• **SUPPLIED INFORMATION**

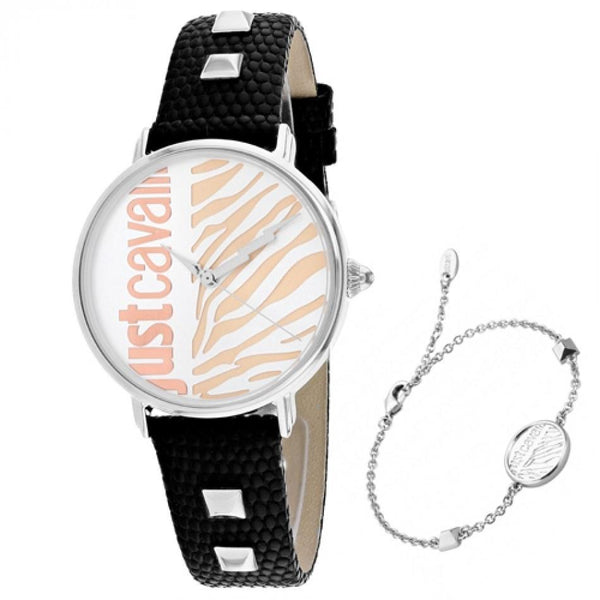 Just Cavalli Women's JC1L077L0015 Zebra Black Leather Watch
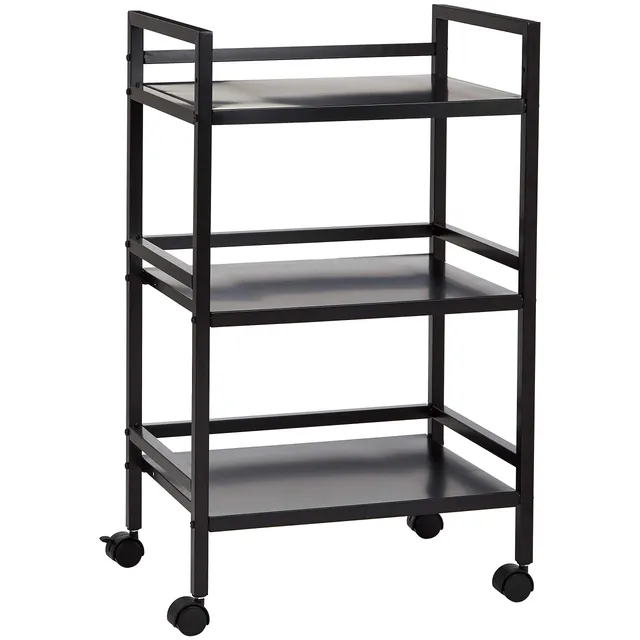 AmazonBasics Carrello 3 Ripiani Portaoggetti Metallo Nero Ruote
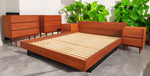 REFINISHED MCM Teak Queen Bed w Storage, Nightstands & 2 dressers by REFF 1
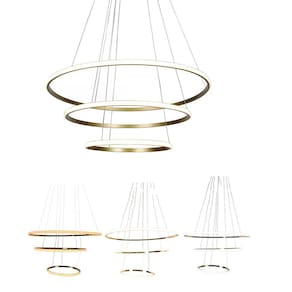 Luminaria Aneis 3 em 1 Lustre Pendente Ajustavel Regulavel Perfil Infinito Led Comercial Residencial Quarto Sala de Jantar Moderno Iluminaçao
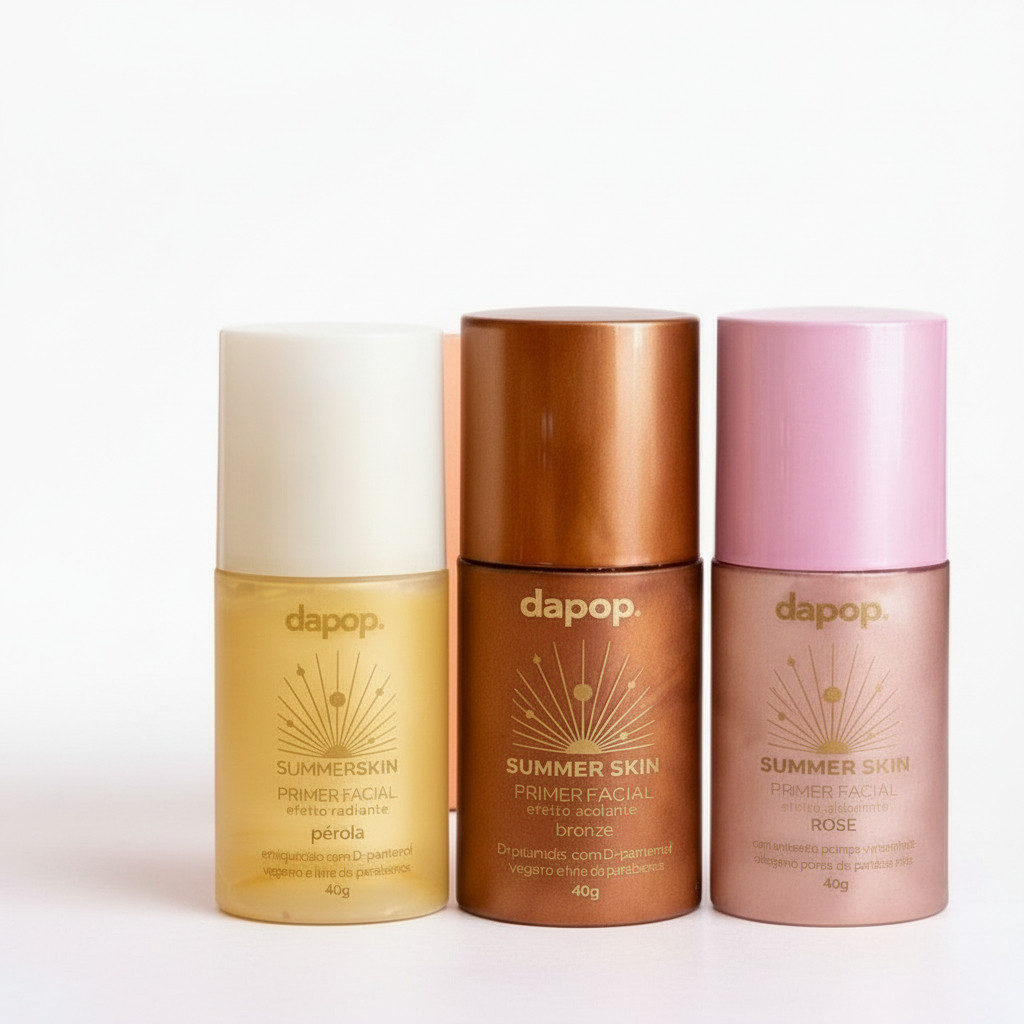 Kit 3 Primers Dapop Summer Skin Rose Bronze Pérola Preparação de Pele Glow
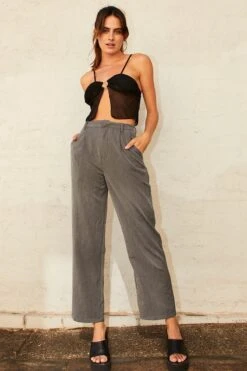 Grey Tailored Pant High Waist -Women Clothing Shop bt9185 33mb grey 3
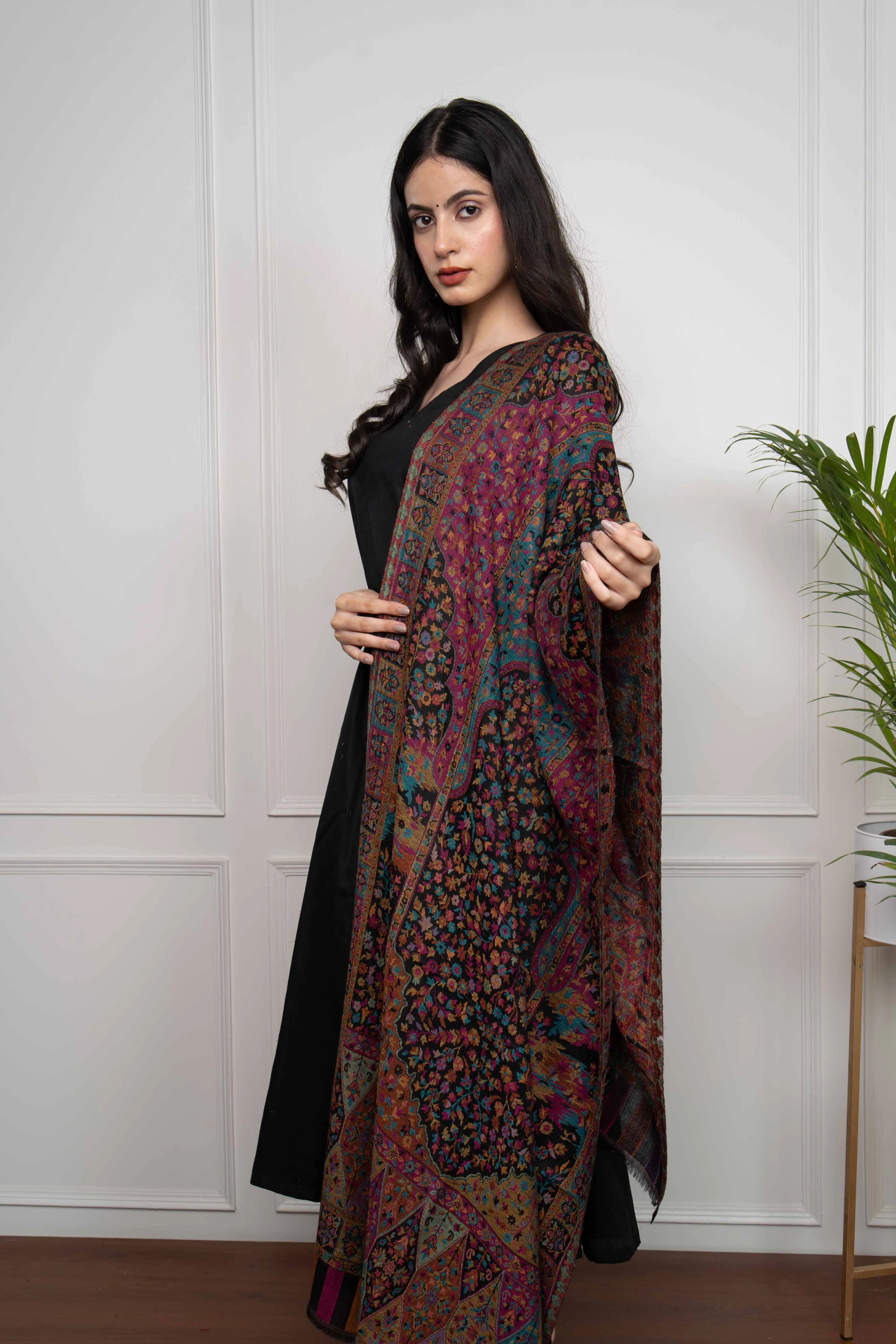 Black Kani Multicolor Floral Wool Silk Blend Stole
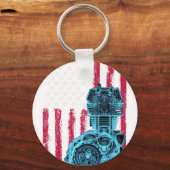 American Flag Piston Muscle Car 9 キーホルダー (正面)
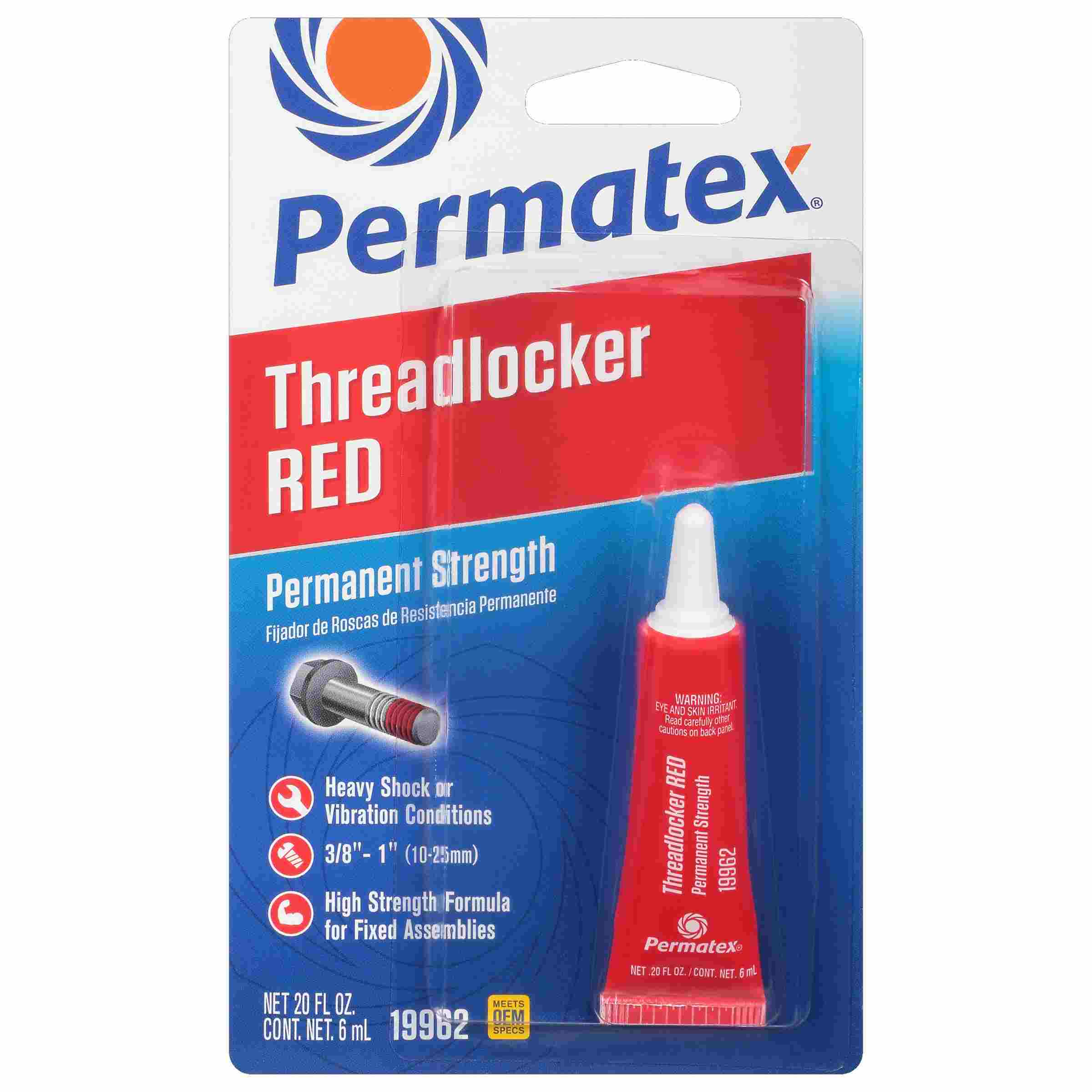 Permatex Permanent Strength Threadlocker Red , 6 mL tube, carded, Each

==

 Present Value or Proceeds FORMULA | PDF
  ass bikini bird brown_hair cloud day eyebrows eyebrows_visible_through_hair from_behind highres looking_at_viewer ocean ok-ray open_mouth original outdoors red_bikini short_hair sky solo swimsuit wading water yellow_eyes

• **ASSIGNMENT**
In the listing above, the required lines run from the line with "REFINISHED MCM Teak" through the line with "Permatex Permanent Strength". Output exactly those lines, omitting pictures.

• **ANSWER TO THE PROBLEM**
 REFINISHED MCM Teak Queen Bed w Storage, Nightstands & 2 dressers by REFF 1
 Luminaria Aneis 3 em 1 Lustre Pendente Ajustavel Regulavel Perfil Infinito Led Comercial Residencial Quarto Sala de Jantar Moderno Iluminaçao
 Kit 3 Primers Dapop Summer Skin Rose Bronze Pérola Preparação de Pele Glow
 Grey Tailored Pant High Waist -Women Clothing Shop bt9185 33mb grey 3
 Black Kani Multicolor Floral Wool Silk Blend Stole
 American Flag Piston Muscle Car 9 キーホルダー (正面)
 Permatex Permanent Strength Threadlocker Red , 6 mL tube, carded, Each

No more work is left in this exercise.